あらすじを読むとわかるとおり、人との接触を絶った検死官のウィルフレッドが、とある酒場で男娼のハルと出会い、人とかかわる温かさを知るという話。ハルも孤児院育ちで人のぬくもりを知らず、成長して孤児院を出た後も知らない男にだまされて売り飛ばされてしまう。ハルには料理人になりたいという夢があり、ウィルフレッドの屋敷で料理を教えてもらうというかかわりを持っていくうちにお互いが意識しあうのですが…。
言葉がうまく伝わらない不器用なウィルフレッドがハルの為を思って言った言葉がハルの地雷に触れ、10日間の別離が訪れます。たった10日なんだけど、ウィルフレッド様が我慢できなくて執事を従えて酒場に乗り込んでいく。そこでハルはひどい目にあっているのだけど、ウィルフレッドは自分の体面よりも何をおいてもハルを優先する姿がとてもかっこよかった。ウィルフレッドが元外科医で良かったねって感じです。

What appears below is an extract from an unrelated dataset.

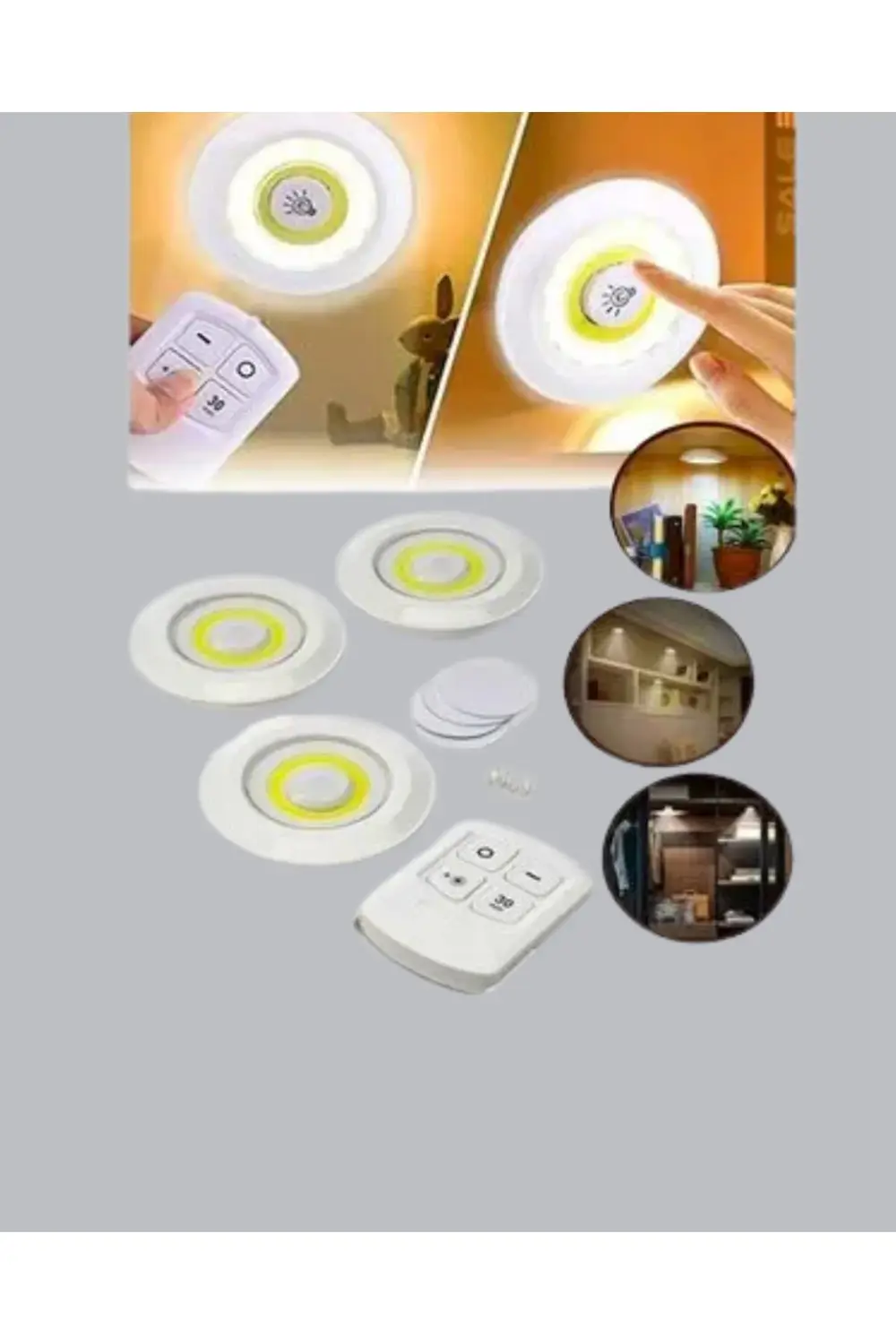 Uzaktan Kumandalı 3 Lü Kablosuz Led Spot Lamba Seti Yapışkanlı Pr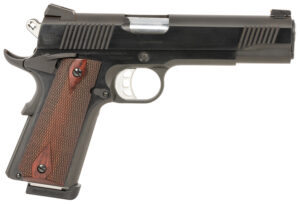 Tyler Gun Works TGWGVBL45 Custom 1911 Government Full Size Frame 45 ACP 7+1 5" Stainless Match Grade Barrel, Blued Serrated Steel Slide & Steel Frame w/Beavertail, Walnut Grip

正直すごいじれったいです。じれったいけど、嫌なじれったさじゃないんだな。なんというかこうドアの隙間から「んもう!!」とのぞいてたくなるような…w
執事のフライトさんがよくのぞいてますが、あの気持はとてもよくわかります。
ウィルフレッドは変わり者だけどとても誠実で真面目、ハルを心から大事に思ってるのがよくわかりました。ハルもウィルフレッドのために何ができるかを一生懸命考えて、お互いがお互いを想いあい、支えながらじわじわと歩み寄っていくところが良かった、これ続編もあと2冊あるのですが、読み飛ばしたりせずじっくり読んでいきたいと思います!!


ちなみに、初作家様です。『右手にメス〜』シリーズからつながり、『茨木さんと〜』を入手した関係で、予習のつもりでこの方の中古本を買ってみました。この方の文章、すげえ好きだ!!面白いし読みやすい、気持ちいい!!
久々に最後まで読み終わった直後にもう一度最初から読みなおしました。すっげえ面白かった!!
架空世界なのでファンタジーなのかと思いきや、シャーロックな雰囲気のためにリアリティもあり。はねっかえりのハルがかわいいのなんの。

それに私はイラストの金ひかる先生の絵を「珍しく小説の内容と合ってる」と思いました。金先生嫌いじゃないんだけど、小説の中身とイラストに違和感を感じる時もあるので…。これはよかったよ!!中古屋で見かけたら買うといい!


PS シャレード文庫はなぜ表紙の返しにより抜きを書くのかな。ちょっと恥ずかしいです。